• WHAT IS BEING ASKED
Write out the data word for word and omit every picture.

[RECORDS FOR PROCESSING — start]

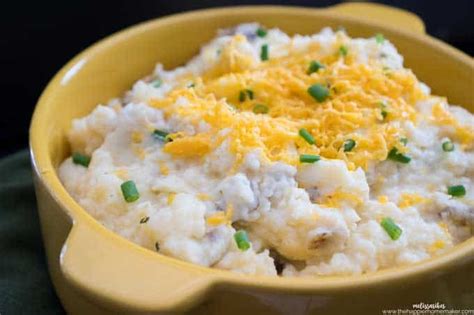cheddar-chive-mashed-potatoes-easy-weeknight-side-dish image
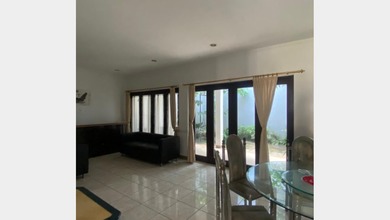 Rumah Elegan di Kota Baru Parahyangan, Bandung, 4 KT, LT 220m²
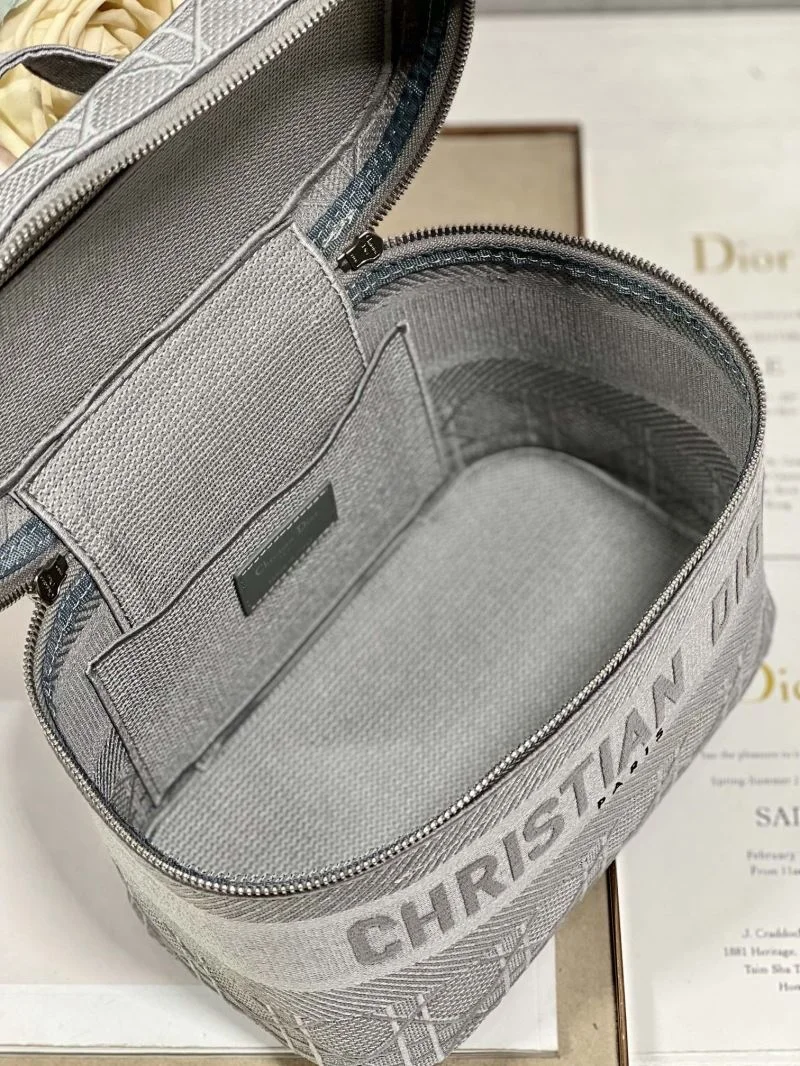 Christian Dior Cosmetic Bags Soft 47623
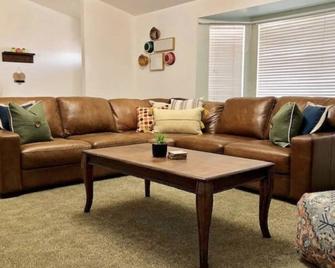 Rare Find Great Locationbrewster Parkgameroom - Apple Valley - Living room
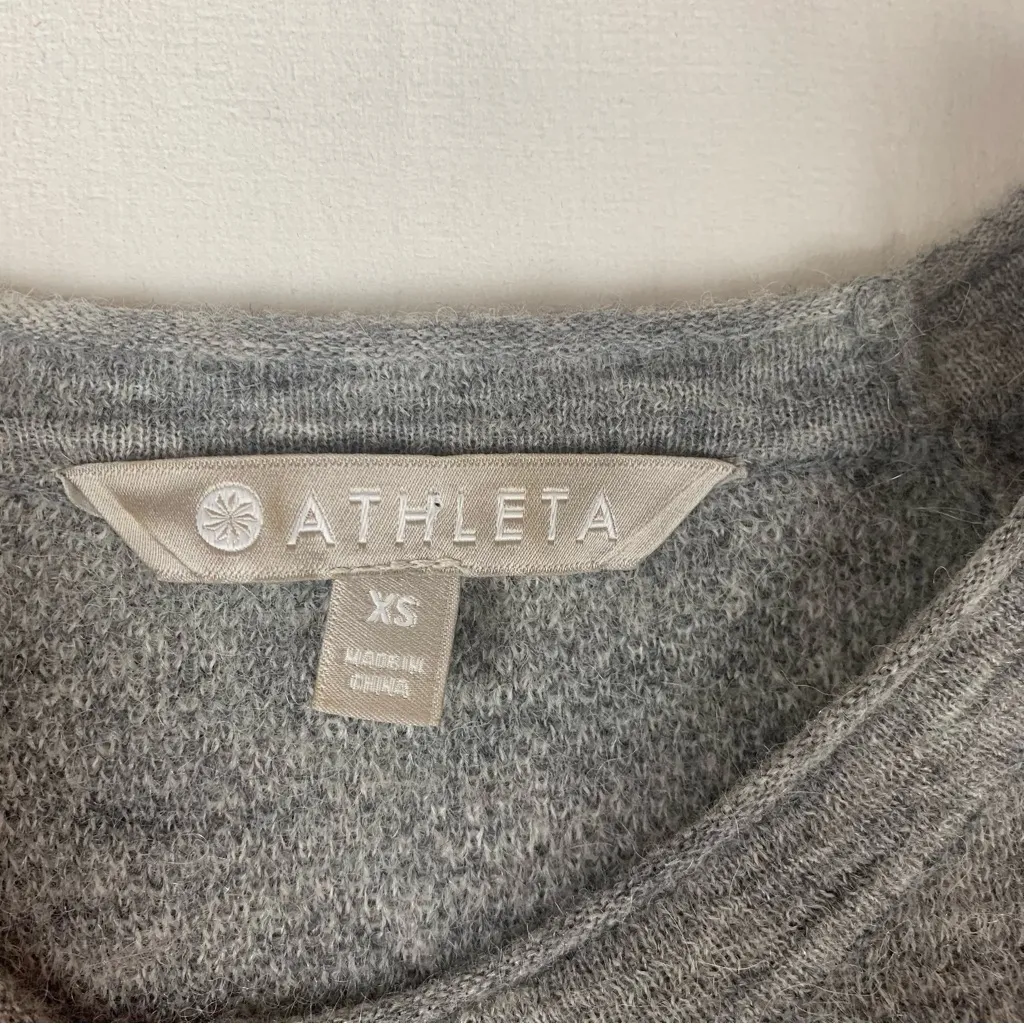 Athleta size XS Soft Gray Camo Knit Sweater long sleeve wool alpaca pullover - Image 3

[RECORDS FOR PROCESSING — finish]

• OUTPUT FOR THIS TASK
cheddar-chive-mashed-potatoes-easy-weeknight-side-dish image
 Rumah Elegan di Kota Baru Parahyangan, Bandung, 4 KT, LT 220m²
 Christian Dior Cosmetic Bags Soft 47623
 Rare Find Great Locationbrewster Parkgameroom - Apple Valley - Living room
 Athleta size XS Soft Gray Camo Knit Sweater long sleeve wool alpaca pullover - Image 3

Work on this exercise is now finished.